▶ **Exercise directions**
Write out exactly what each line says, starting with the first line below and ending on the one with "Мишка Razer Viper".

Scraped caption text data:

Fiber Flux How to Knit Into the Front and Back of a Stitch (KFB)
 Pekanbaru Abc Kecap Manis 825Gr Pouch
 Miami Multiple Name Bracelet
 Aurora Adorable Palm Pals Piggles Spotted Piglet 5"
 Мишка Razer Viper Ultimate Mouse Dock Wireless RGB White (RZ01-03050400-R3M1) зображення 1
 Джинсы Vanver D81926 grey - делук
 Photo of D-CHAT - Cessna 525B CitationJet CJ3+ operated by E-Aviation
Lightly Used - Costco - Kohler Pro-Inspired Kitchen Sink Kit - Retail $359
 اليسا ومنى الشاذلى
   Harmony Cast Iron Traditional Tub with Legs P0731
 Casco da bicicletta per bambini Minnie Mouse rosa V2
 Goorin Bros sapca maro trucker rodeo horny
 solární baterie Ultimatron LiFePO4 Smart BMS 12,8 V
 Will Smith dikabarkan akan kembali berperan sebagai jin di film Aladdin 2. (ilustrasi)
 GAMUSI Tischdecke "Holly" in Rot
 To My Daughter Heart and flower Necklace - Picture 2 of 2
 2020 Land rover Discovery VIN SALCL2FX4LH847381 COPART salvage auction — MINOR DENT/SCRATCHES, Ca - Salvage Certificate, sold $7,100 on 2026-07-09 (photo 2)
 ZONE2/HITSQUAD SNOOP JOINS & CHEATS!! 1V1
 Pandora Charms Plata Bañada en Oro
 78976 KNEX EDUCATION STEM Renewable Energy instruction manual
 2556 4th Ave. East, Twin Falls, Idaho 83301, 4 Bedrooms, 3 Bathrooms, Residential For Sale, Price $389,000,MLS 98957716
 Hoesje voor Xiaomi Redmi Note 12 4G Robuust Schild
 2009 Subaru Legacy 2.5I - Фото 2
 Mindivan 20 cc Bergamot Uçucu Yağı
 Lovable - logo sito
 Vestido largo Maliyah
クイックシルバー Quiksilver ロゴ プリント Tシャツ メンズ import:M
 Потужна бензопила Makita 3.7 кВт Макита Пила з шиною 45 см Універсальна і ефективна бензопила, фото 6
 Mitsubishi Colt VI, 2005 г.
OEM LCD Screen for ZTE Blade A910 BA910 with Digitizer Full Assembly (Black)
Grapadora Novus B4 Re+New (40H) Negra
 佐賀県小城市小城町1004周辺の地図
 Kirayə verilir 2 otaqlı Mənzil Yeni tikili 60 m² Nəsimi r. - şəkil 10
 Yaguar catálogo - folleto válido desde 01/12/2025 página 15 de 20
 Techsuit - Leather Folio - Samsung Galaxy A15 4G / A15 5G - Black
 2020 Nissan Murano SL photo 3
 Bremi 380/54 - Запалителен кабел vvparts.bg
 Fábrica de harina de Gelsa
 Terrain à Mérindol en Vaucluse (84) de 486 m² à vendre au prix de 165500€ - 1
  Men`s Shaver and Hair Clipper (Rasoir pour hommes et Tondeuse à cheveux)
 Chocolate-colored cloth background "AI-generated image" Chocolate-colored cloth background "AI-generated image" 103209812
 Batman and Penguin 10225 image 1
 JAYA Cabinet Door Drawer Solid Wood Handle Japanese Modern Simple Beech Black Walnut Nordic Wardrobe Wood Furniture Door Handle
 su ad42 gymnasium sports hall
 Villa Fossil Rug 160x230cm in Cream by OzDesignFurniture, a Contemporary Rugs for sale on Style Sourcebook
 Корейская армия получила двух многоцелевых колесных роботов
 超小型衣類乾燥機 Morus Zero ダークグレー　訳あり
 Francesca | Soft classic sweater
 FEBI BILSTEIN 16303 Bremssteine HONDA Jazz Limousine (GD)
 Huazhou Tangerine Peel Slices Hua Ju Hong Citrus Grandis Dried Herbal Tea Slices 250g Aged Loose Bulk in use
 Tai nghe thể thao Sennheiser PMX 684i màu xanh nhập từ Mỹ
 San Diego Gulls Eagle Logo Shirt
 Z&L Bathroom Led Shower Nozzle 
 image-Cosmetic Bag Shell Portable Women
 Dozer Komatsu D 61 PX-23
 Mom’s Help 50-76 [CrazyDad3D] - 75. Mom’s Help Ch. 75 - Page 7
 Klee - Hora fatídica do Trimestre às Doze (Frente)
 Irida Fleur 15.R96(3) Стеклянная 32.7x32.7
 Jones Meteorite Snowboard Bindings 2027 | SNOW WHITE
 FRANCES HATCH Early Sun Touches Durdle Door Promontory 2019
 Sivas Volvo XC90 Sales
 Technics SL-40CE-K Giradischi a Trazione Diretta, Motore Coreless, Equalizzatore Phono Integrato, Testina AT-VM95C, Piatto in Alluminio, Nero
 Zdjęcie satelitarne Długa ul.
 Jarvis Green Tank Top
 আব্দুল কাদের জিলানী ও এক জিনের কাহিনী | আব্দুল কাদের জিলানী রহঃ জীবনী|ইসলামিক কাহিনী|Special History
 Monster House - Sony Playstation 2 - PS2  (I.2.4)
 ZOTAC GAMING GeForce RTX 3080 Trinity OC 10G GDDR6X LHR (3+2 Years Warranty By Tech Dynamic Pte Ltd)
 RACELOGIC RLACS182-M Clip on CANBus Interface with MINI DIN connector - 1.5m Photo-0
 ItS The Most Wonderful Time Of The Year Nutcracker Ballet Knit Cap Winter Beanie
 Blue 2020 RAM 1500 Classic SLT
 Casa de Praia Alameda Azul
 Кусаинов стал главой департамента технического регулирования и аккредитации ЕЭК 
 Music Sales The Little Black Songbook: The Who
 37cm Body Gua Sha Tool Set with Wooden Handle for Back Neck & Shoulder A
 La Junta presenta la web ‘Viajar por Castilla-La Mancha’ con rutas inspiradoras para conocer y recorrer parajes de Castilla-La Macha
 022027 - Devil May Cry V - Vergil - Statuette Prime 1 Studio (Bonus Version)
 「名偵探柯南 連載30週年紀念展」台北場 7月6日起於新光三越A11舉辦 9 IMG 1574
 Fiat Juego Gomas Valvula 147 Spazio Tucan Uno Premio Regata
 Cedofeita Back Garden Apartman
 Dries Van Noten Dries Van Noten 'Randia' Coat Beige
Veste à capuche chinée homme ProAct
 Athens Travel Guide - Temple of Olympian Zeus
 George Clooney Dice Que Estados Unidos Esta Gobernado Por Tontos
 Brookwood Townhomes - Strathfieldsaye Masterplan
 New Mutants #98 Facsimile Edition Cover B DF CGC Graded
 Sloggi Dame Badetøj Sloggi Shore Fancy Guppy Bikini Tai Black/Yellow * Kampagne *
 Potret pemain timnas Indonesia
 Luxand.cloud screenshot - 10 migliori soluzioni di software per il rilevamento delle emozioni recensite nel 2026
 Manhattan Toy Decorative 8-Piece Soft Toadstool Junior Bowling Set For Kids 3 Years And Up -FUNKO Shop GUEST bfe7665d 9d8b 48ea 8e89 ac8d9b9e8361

▶ **Exercise answer**
Fiber Flux How to Knit Into the Front and Back of a Stitch (KFB)
 Pekanbaru Abc Kecap Manis 825Gr Pouch
 Miami Multiple Name Bracelet
 Aurora Adorable Palm Pals Piggles Spotted Piglet 5"
 Мишка Razer Viper Ultimate Mouse Dock Wireless RGB White (RZ01-03050400-R3M1) зображення 1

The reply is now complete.